Governor of Panamá Province
- In office 1994–1998

Minister of Education of Panama
- In office 1981–1984
- Preceded by: Gustavo García de Paredes
- Succeeded by: ?

Personal details
- Born: Susana Richa de Torrijos October 22, 1924 (age 101) Veraguas Province, Panama
- Party: Democratic Revolutionary Party
- Spouse: Hugo Torrijos
- Children: Hugo Torrijos Richa
- Relatives: Martín Torrijos (nephew)
- Alma mater: Complutense University of Madrid
- Occupation: Educator, essayist, politician

= Susana Richa =

Susana Richa de Torrijos (born October 22, 1924) is a Panamanian educator, essayist, and politician.

==Biography==
Richa studied at the Normal School of Santiago, where she obtained the title of teacher. She later qualified as a graduate in philosophy, a professor of Spanish at the University of Panama, and a PhD in philology at the Complutense University of Madrid.

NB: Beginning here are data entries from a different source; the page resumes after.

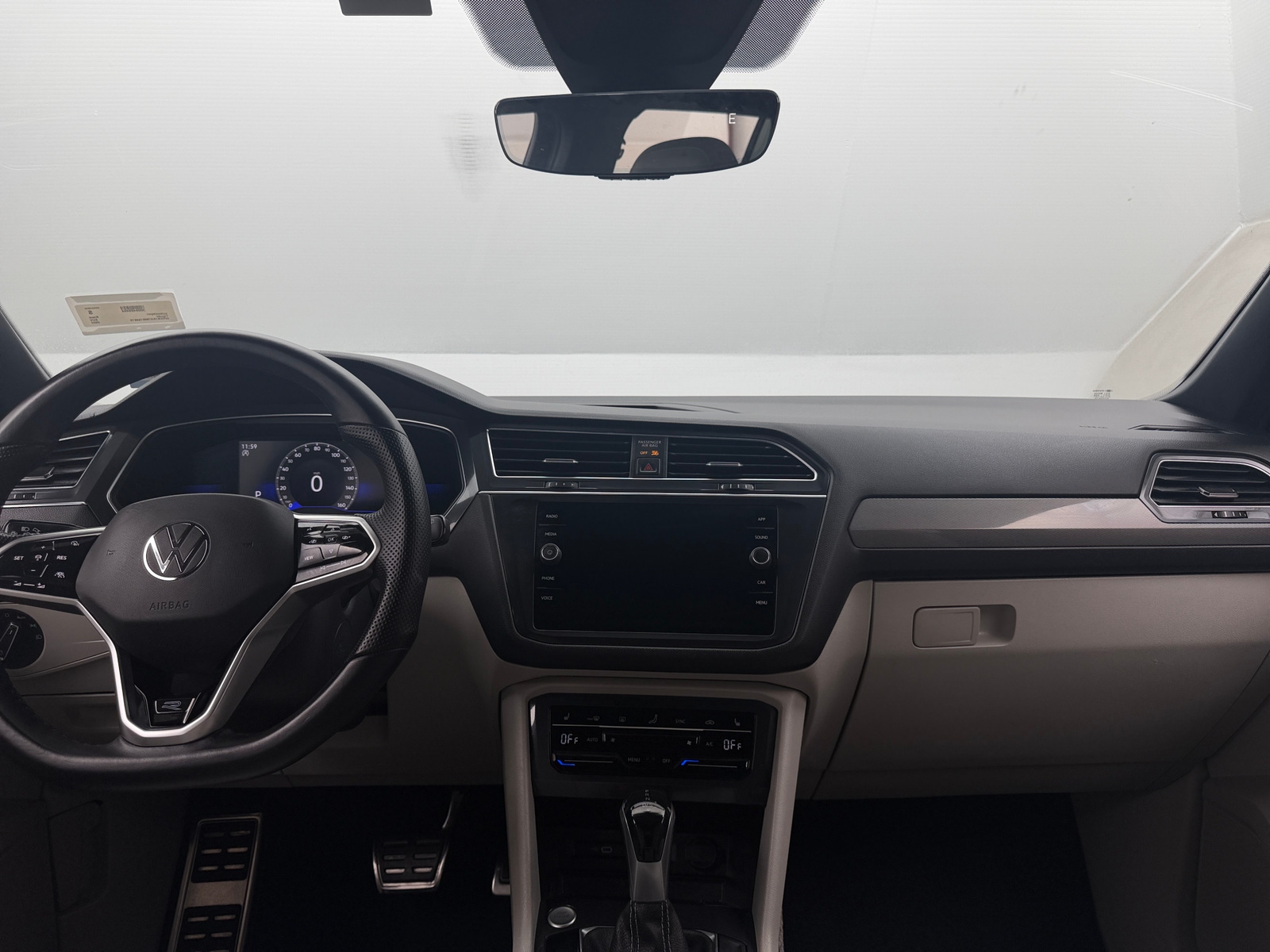Thumbnail: 2022 Volkswagen Tiguan - 3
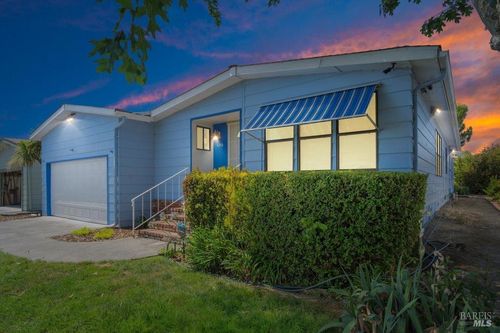 spc-130-1945 Piner Rd, Santa Rosa, CA, 95403-2459 | Card Image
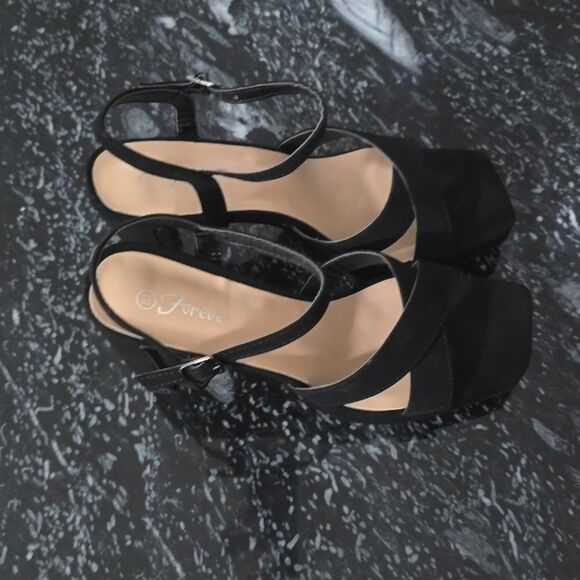 BRAND NEW FOREVER BLOCK HEEL  CRISS-CROSS  ADJUSTABLE BUCKLE ALMOND TOE … - Picture 9 of 16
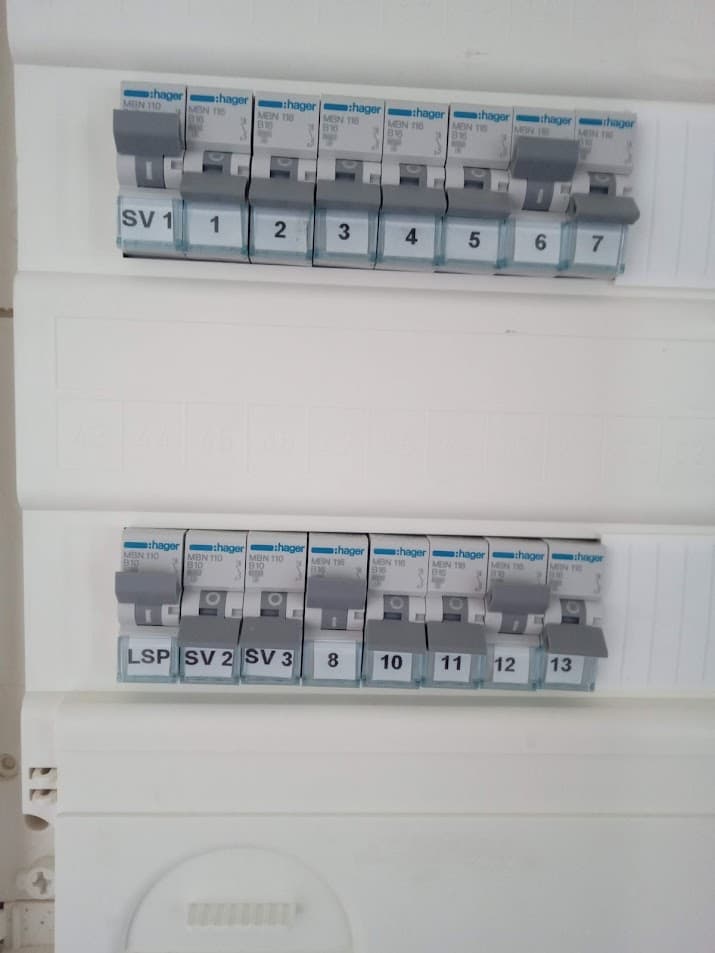 Rekonstrukce elektroinstalace — ukázka realizace v Praze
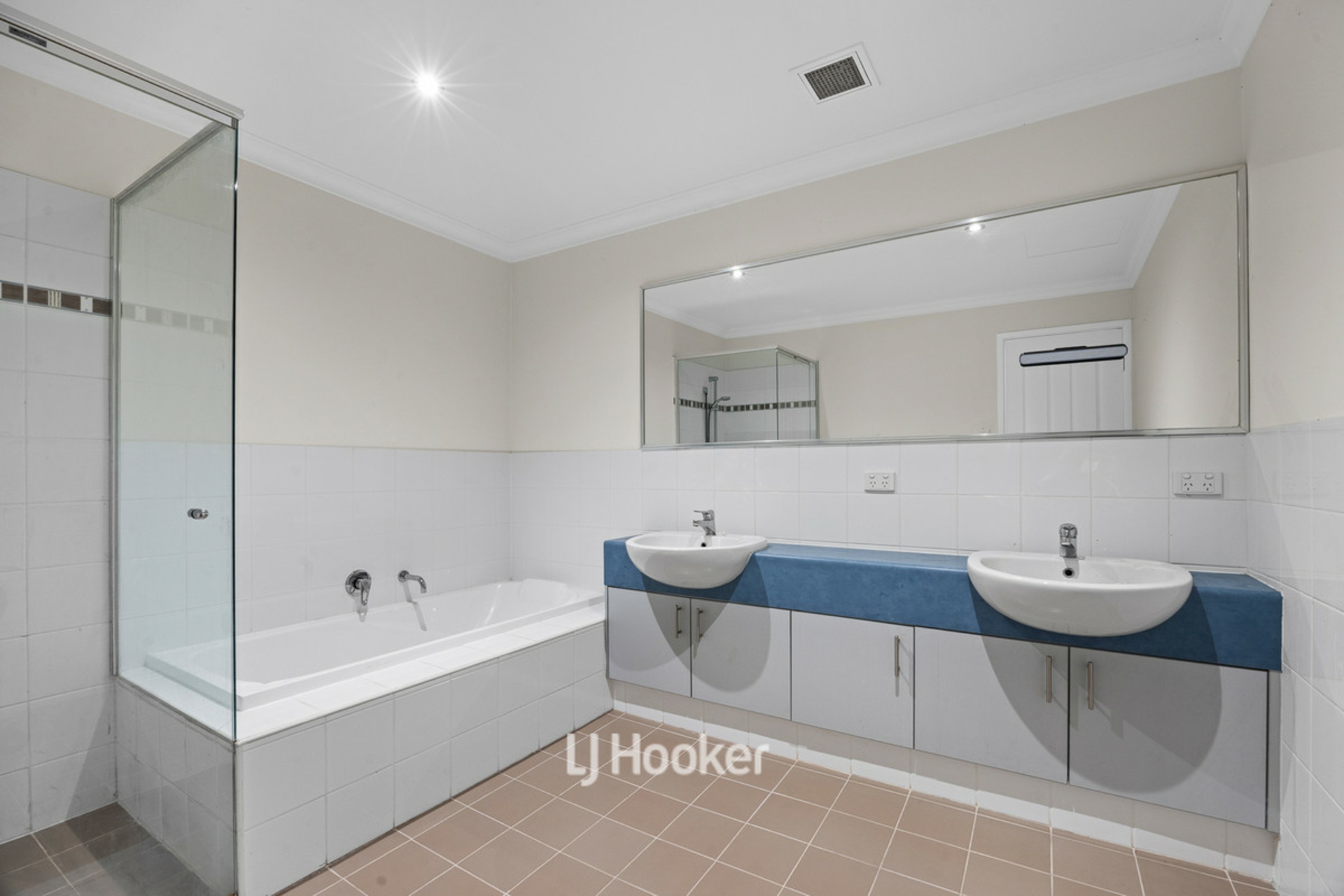 26/23-25 Casuarina Drive — photo 13 of 30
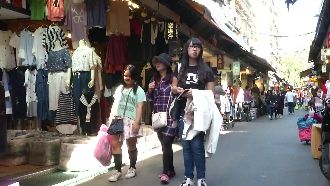 五分埔店家占道路　市府勒令「內縮」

Richa was a Spanish teacher at several institutions including the Normal School of Santiago, the Liceo de Señoritas, the Universidad Católica Santa María La Antigua, and the University of Panama. She has served as director of the Spanish Department, dean of the Faculty of Philosophy, Arts, and Education, member of the Editorial Board, member of the Board of Directors, academic vice-rector, and rector in charge of the University of Panama.

In the field of public education, Richa was National Supervisor of Spanish, Deputy Director and National Director of Secondary Education, National Director of Education, Vice Minister of Education, and Minister of Education of Panama from 1981 to 1984.

As an essayist, she published two works: Compendio de literatura hispanoamericana y panameña and La educación panameña, situación, problemas y soluciones.

As a politician, during the government of Ernesto Pérez Balladares she was appointed governor of Panamá Province from 1994 to 1998, when she resigned to be elected legislator of the National Assembly for the Democratic Revolutionary Party in 1999, and re-elected in 2004. She was vice president of the National Assembly on two occasions: 2001–2002 and 2006–2007.

In December 1999 Richa was separated from her position of professor at the Faculty of Humanities at the University of Panama under the Faúndes Law, which prohibited public officials from serving beyond age 75. She sought a reversal before the Third Chamber of the Supreme Court of Justice, but was unsuccessful. On August 20, 2007, she co-sponsored an initiative which successfully repealed the Faúndes Law. In 2011 she received an award for 50 years of service with the University.

Richa is married to Hugo Torrijos (brother of the Panamanian military dictator Omar Torrijos Herrera) and had one son, politician Hugo Torrijos Richa, who died in 2010. She is also the aunt of former President Martín Torrijos.